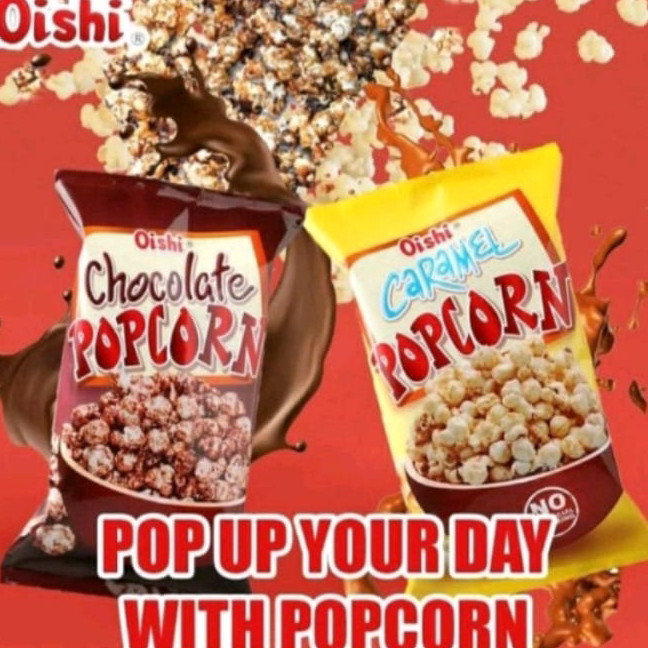 

NWJV6961 XC26619 Oishi Popcorn Caramel | Chocolate | Cheese | 10 Bks @ 20 g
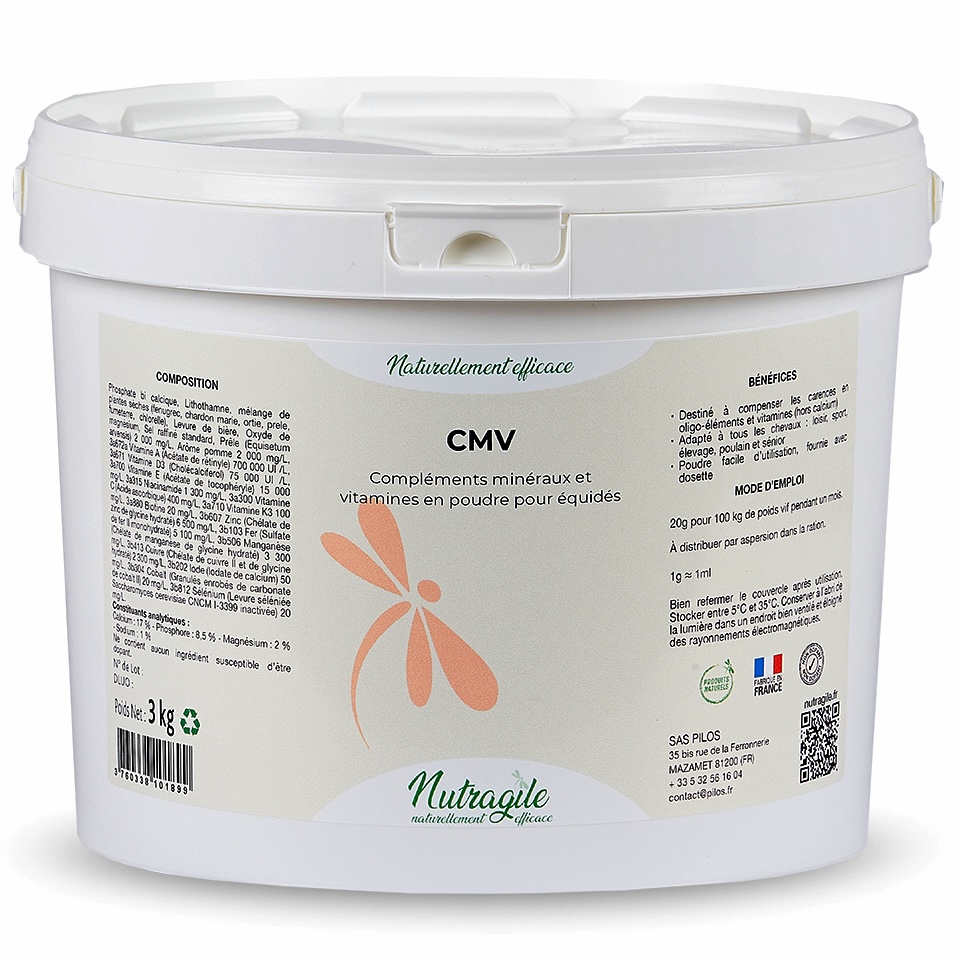 CMV - Compléments Minéraux & Vitamines Nutragile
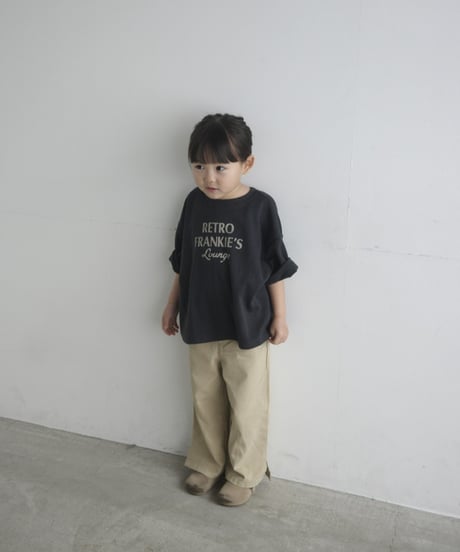即納　retro logo T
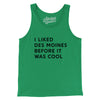 I Liked Des Moines Before It Was Cool Men/Unisex Tank Top-Kelly-Allegiant Goods Co. Vintage Sports Apparel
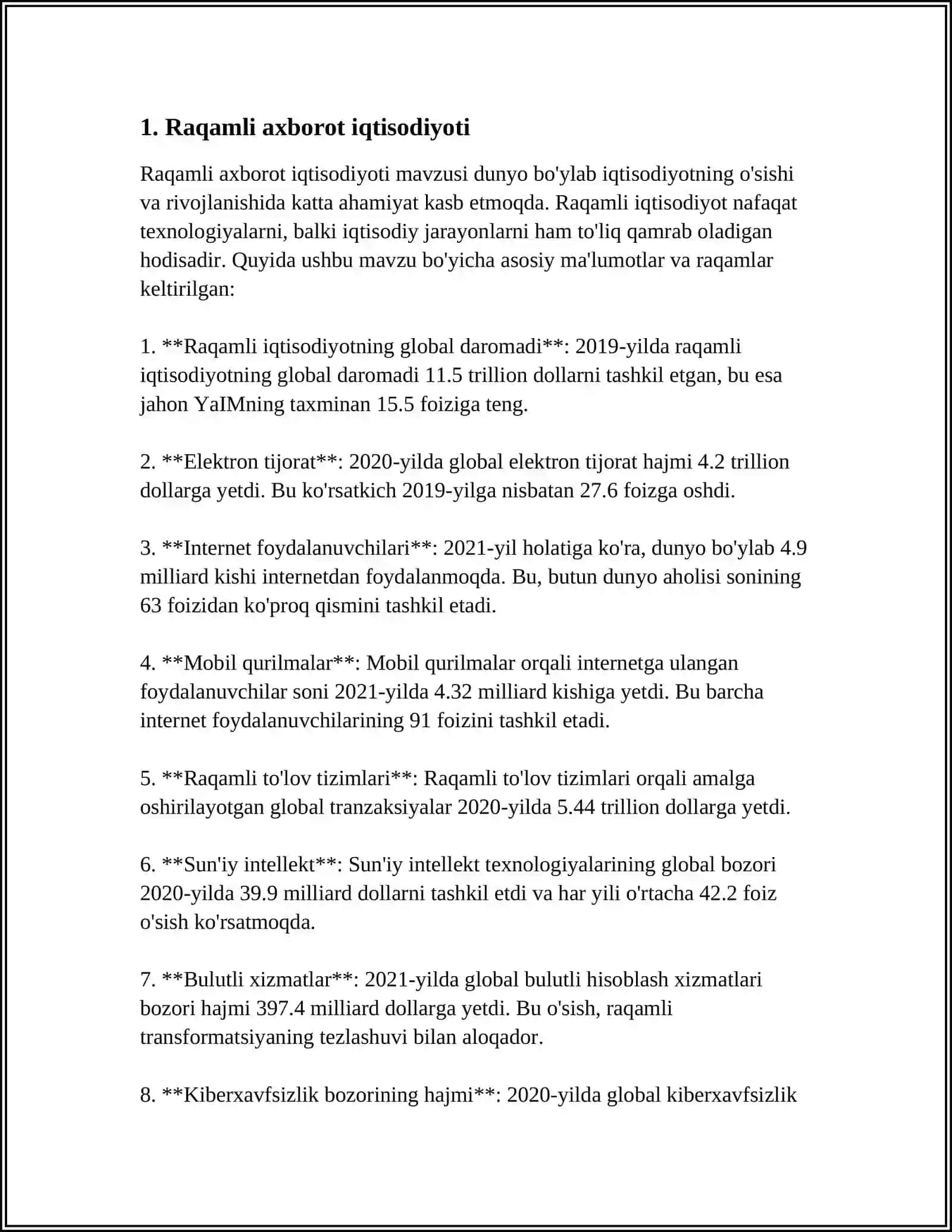 Raqamli axborot iqtisodiyoti 4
= = = =
TASK DIRECTIONS
A verbatim copy of the records is needed, with all images omitted.

SOLUTION TO THIS EXERCISE
NWJV6961 XC26619 Oishi Popcorn Caramel | Chocolate | Cheese | 10 Bks @ 20 g
 CMV - Compléments Minéraux & Vitamines Nutragile
即納　retro logo T
 I Liked Des Moines Before It Was Cool Men/Unisex Tank Top-Kelly-Allegiant Goods Co. Vintage Sports Apparel
 Raqamli axborot iqtisodiyoti 4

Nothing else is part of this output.